18.1                   This Agreement, including any Order Form(s) and the documents referred to in it, constitutes the entire agreement between the Customer and SmartRecruiters and governs the Customer’s use of the Services and supersedes all prior and written agreements, arrangements, communications and representations. Any term or condition specified in a Customer’s purchase order and/or any Customer’s terms and conditions are void and not applicable to the Services.

18.2                   If there is any conflict among the following documents, the order of precedence shall be (i) the Order Form(s), (ii) this MSA, (iii) this SLA, (iv) the Description, (v) the fixed package or the SOW and (vi) the DPA (if applicable).

19. Severability

If any provision of this Agreement is, for any reason, held to be invalid or unenforceable, the other provisions of this Agreement will remain enforceable and the invalid or unenforceable provision will be deemed modified so that it is valid and enforceable to the maximum extent permitted by law.

20. Governing Law and Jurisdiction

20.1                   This Agreement will be governed by the laws of the State of Delaware, without giving effect to any conflicts of laws principles that require the application of the law of a different jurisdiction. The United Nations Convention on Contracts for the International Sale of Goods does not apply to this Agreement.

20.2                   The Parties agree to submit to the exclusive jurisdiction of the courts of the State of Delaware to resolve any legal matter arising from this Agreement.

21. Miscellaneous

21.1            Any waiver or failure to enforce any provision of this Agreement on one occasion will not be deemed a waiver of any other provision or of such provision on any other occasion.

21.2            Any delay in the performance of any duties or obligations of either Party (except the payment of money owed) will not be considered a breach of this Agreement if such delay is caused by any Force Majeure event, provided that such Party uses reasonable efforts, under the circumstances, to notify the other Party of the cause of such delay and to resume performance as soon as possible.

21.3           Any modification or variation of this Agreement shall be in writing and duly executed by each of the Parties.

21.4            Given the public nature of the relationship between the Parties, SmartRecruiters may refer to the Customer on its customer’s list, press releases, marketing materials, and on its website.

Both Parties may agree to write a Hiring Success case study. The Customer will not unreasonably withhold or delay its consent.

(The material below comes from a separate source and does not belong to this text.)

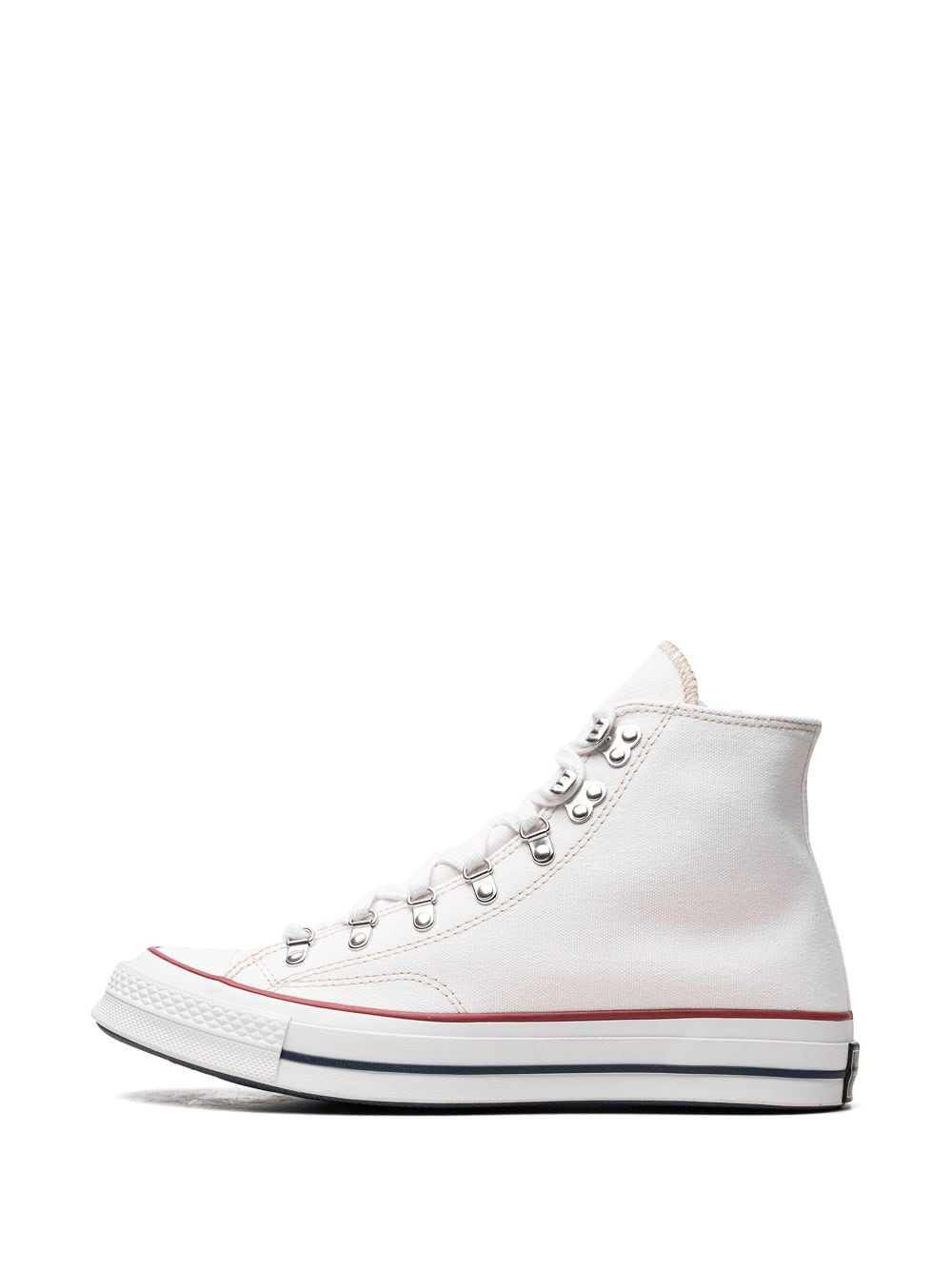 Shop Converse Chuck Taylor All-star 70 Hi "pglang White" Sneakers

Any press releases or public announcements shall be approved by the Customer. The Customer will not unreasonably withhold or delay its consent.

21.5            Each of the components that constitute the Services is a “commercial item” as that term is defined at 48 C.F.R. 2.101, consisting of “commercial computer software” and/or “commercial computer software documentation” as such terms are used in 48 C.F.R. 12.212.  Consistent with 48 C.F.R. 12.212 and 48 C.F.R. 227.7202-1 through 227.7202-4, all U.S. Government end users acquire the Services with only those rights set forth herein.

21.6            Each Party’s relationship to the other Party is that of an independent contractor, and neither Party is an agent or partner of the other.  Neither Party will have, and will represent to any third party that it has, any authority to act on behalf of the other Party.

21.7            The Customer is responsible for updating Customer’s data to provide SmartRecruiters with the Customer’s most current email address.

21.8            Notices will be only validly served pursuant to this Agreement where the notice has been sent by tracked delivery and/or by email where receipt of the notice is acknowledged in writing by the other Party.

Any notice provided to the Customer pursuant to this Agreement shall be sent to the Customer’s address mentioned in the Order Form.

Any notice provided to SmartRecruiters pursuant to this Agreement shall be sent to SmartRecruiters, Inc., 166 Geary St, San Francisco, CA 94108 US, Attn: Chief Executive Officer.